Shoot the Clown on Coney Island’s Bowery. March 31, 2013. Photo © Tricia Vita/me-myself-i

Shoot the Freak has been reborn in Coney Island! A paintball game called Shoot the Clown opened on the Bowery this past weekend with a human target wearing a mask and body armor like the Boardwalk freak of yore. As you may remember, the game was evicted bulldozed by Zamperla in 2010 and replaced by the entrance to Scream Zone. But it seems long, long ago because so much has changed in Coney Island since then, including the building of Coney’s first new roller coasters in nearly 40 years and the devastation of Sandy.

Just to be clear, Shoot the Clown is run by longtime Coney Island game operator Caesar, who had to come up with a quick replacement for the Derby Racer destroyed by Superstorm Sandy. Framing a paintball game in the space was more practical than buying a brand-new track derby. In fact, another Coney Island operator had also considered the idea. The operator of Shoot the Freak on the Boardwalk was Anthony Berlingieri, who also operated Beer Island.

Shoot the Freak on Fourth of July. July 4, 2009. Photo © Tricia Vita/me-myself-i

Shoot the Freak on Fourth of July.

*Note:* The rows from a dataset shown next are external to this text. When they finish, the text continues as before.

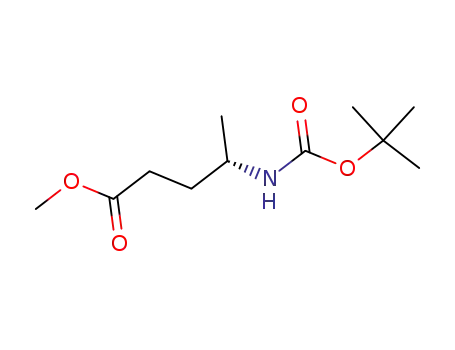 (S)-4-tert-Butoxycarbonylamino-pentanoic acid methyl ester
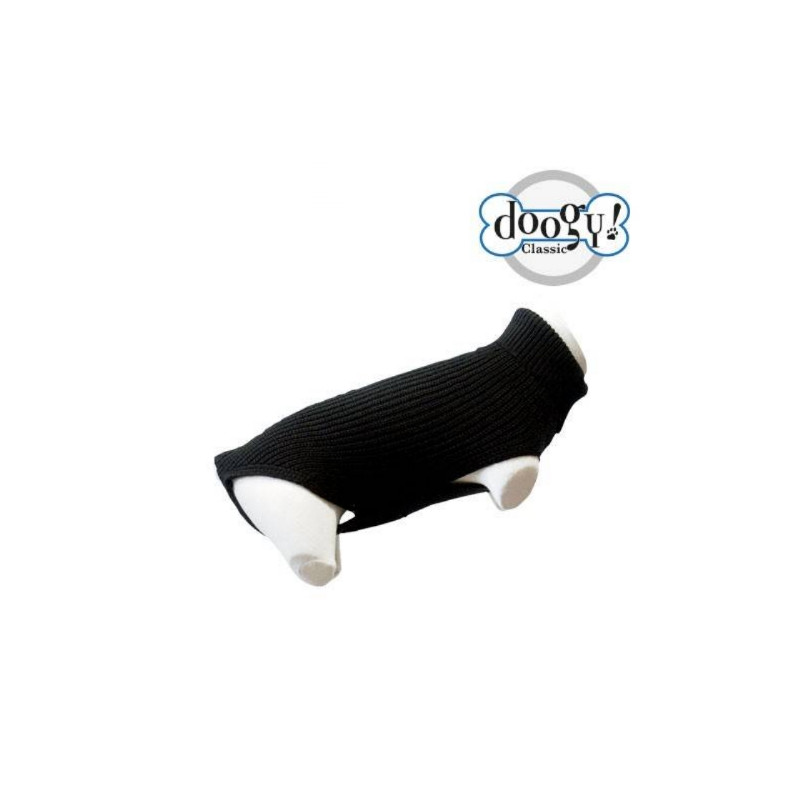 Doogy, Schwarzer neuer Basic-Pullover Doogy, Schwarzer neuer Basic-Pullover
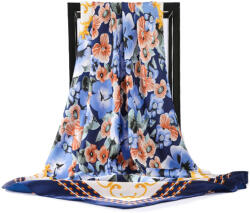  Esarfa eleganta din matase satinata, cu design floral, model 65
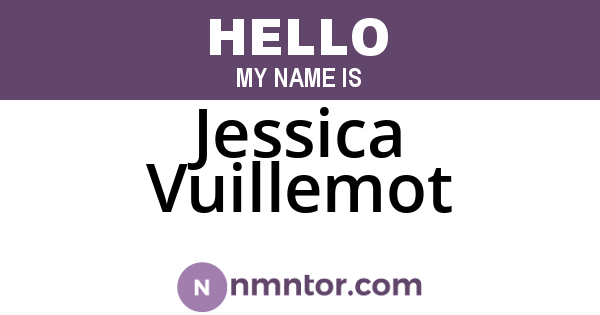 Jessica Vuillemot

July 4, 2009. Photo © Tricia Vita/me-myself-i

It wasn’t until Shoot the Freak got evicted that we began to realize how intensely some people loved it and others hated it, including some of our close friends. There were even obituaries for the popular game like Gawker’s “Sad Things: America Loses A National Treasure: Shoot the Freak” and New York Magazine’s “Let Us Now Mourn the Loss of Coney Island’s Shoot the Freak.” They’re worth a re-read and so are the comments by people who called the game amazing, annoying or a dump. We like this one best: “How do you mention Shoot the Freak without mentioning the announcer? I always thought that getting told, “ya a freakin’ losah and my dead grammuddah could shoot bettah den ya, ya freakin’ freak!” by some grody carny was the high point,” says NYAARON in New York Magazine.

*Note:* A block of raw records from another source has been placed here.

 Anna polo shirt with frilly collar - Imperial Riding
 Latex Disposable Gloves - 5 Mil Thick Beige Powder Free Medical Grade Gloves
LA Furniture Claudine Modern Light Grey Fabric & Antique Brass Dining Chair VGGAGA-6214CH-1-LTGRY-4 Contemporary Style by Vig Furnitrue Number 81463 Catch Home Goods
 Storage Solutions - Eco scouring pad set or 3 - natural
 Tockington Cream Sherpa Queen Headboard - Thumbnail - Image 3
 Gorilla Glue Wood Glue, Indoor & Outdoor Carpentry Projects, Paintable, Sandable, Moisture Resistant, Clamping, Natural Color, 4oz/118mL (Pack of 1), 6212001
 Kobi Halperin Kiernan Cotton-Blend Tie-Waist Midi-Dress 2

Shoot the Clown has a talker too, an unseen presence calling people in to play. Since the game had no customers when we passed by briefly on Sunday, we didn’t get to hear much talk or see any action yet. It’s 5 shots for $3, ten for $5, and 25 for a tenner.

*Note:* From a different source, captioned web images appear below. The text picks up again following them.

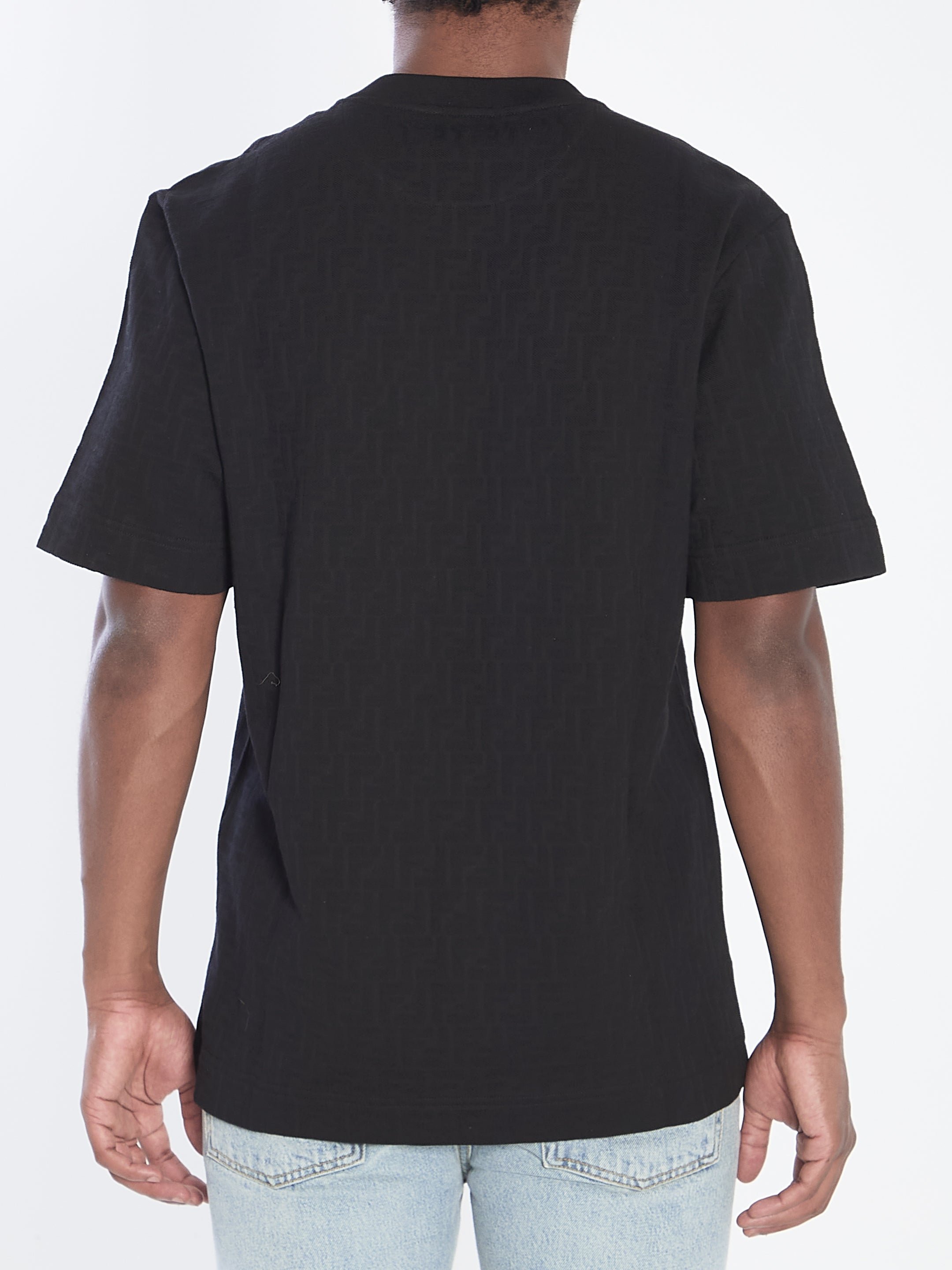 FENDI FF Monogram Regular Fit T-Shirt - Size L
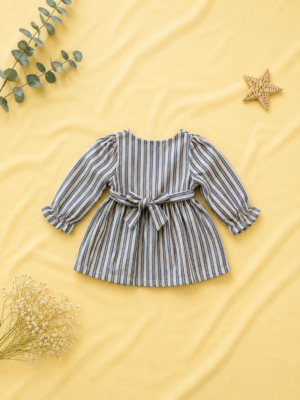 coastal charm stripe dress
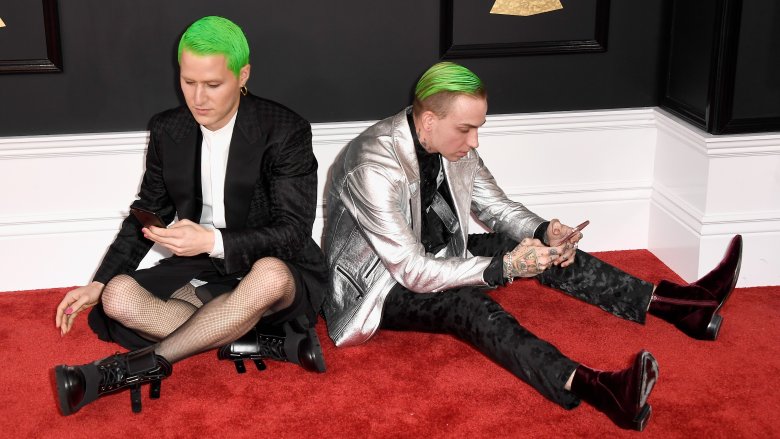 Mike Posner and Blackbear at the Grammy Awards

Somebody needs to tell Amanda Burden. The City’s Planning Commissioner once said that she “loved” and “would put in a vote for” Shoot the Freak even though she hadn’t tried it. That was back in 2007 at a press conference hyping the rezoning of Coney Island. Here’s the vid of the Mayor, Burden and then Deputy Mayor Dan Doctoroff answering a reporter’s question about whether the new Coney Island was going to have room for Shoot the Freak and sword swallowers. The videographer is the late Bob Guskind of Gowanus Lounge, who was Brooklyn’s blogfather and the inspiration for Amusing the Zillion.

Update: The Shoot the Clown game on the Bowery has closed.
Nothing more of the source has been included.